Hello, I ran into this problem with the GHC API (GHC 6.8.1 Second Release Candidate) upon doing: session <- GHC.newSession (Just path) I run into: yi: Can't find package.conf as /home/jp/usr//lib/ghc-6.8.0.20071019 /driver/package.conf.inplace Digging into this, I found the "SysTool.lhs" file, which basically says "big hack". I'm not sure if this is a bug or if I'm abusing the GHC API. Anyway, any sort of help would be appreciated. Cheers, JP.
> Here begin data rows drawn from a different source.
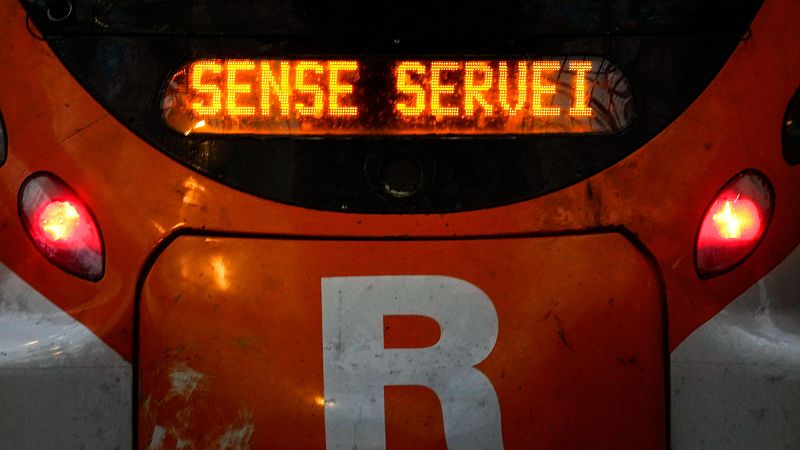 El frontal de un tren naranja de Rodalies exhibe un letrero luminoso con el mensaje "SENSE SERVEI" y el logotipo "R" de la compañía, con luces rojas.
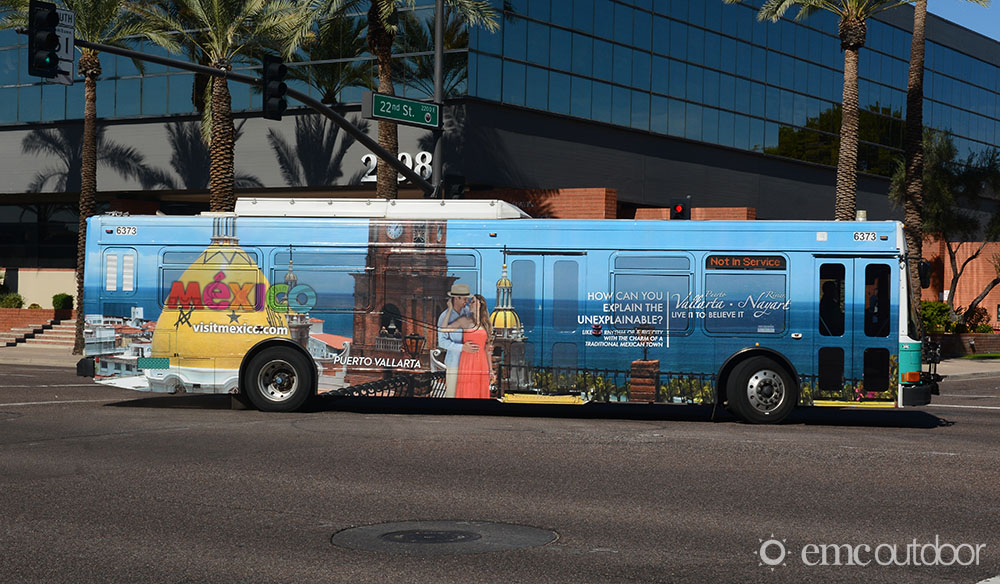 A wrapped bus with advertising for Mexico Tourism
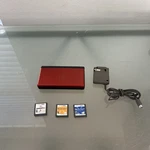 Nintendo Lite Authentic Console Crimson Handheld System W/ Charger & Stylus Used. Price: $140.00.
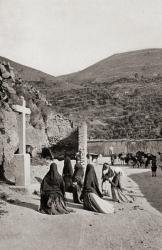 Women kneeling in front of cross in a roadside scene in Spain circa 1900 | Obraz na stenu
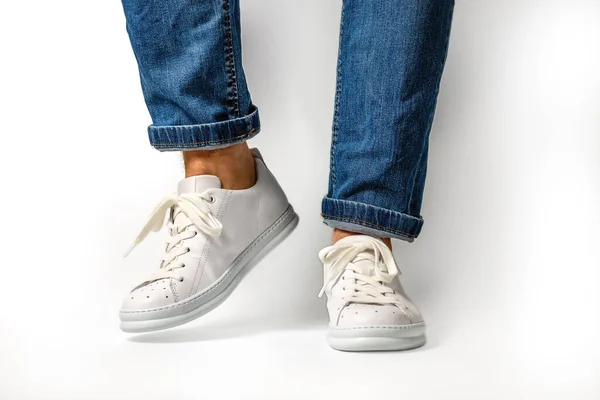 Man Stylis New White Sneakers Jeans White Background Horizontal Image — Fotografia de Stock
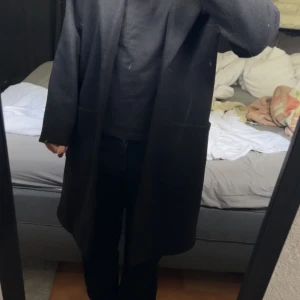Svart lång kappa i ullmix - Säljer en svart, stilren och lång kappa med rak passform. Jackan har stora fickor framtill och är perfekt för dig som gillar en clean och minimalistisk look. Materialet är en skön ullmix som håller dig varm under kyliga dagar.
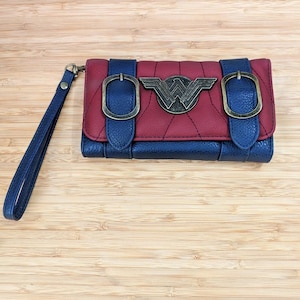 Cartera de mano triple con hebillas y logotipo de bronce antiguo de Wonder Woman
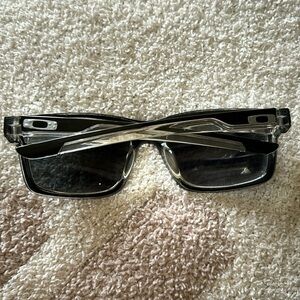 Oakley Sunglasses, no major scratches just one small scratch on the right lens.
Hi, On Wed, Oct 24, 2007 at 09:28:51AM +0200, Jean-Philippe Bernardy wrote:
I ran into this problem with the GHC API (GHC 6.8.1 Second Release Candidate)
upon doing:
session <- GHC.newSession (Just path)
I run into:
yi: Can't find package.conf as /home/jp/usr//lib/ghc-6.8.0.20071019 /driver/package.conf.inplace
Thanks for the report; however, I can't reproduce this. Can you give complete reproduction instructions please, including whether you are using a bindist or compiling GHC yourself, and which platform you are on? Thanks Ian

Hi
On 10/24/07, Ian Lynagh
Hi,
On Wed, Oct 24, 2007 at 09:28:51AM +0200, Jean-Philippe Bernardy wrote:
I ran into this problem with the GHC API (GHC 6.8.1 Second Release Candidate)
upon doing:
session <- GHC.newSession (Just path)
I run into:
yi: Can't find package.conf as /home/jp/usr//lib/ghc-6.8.0.20071019 /driver/package.conf.inplace
Thanks for the report; however, I can't reproduce this.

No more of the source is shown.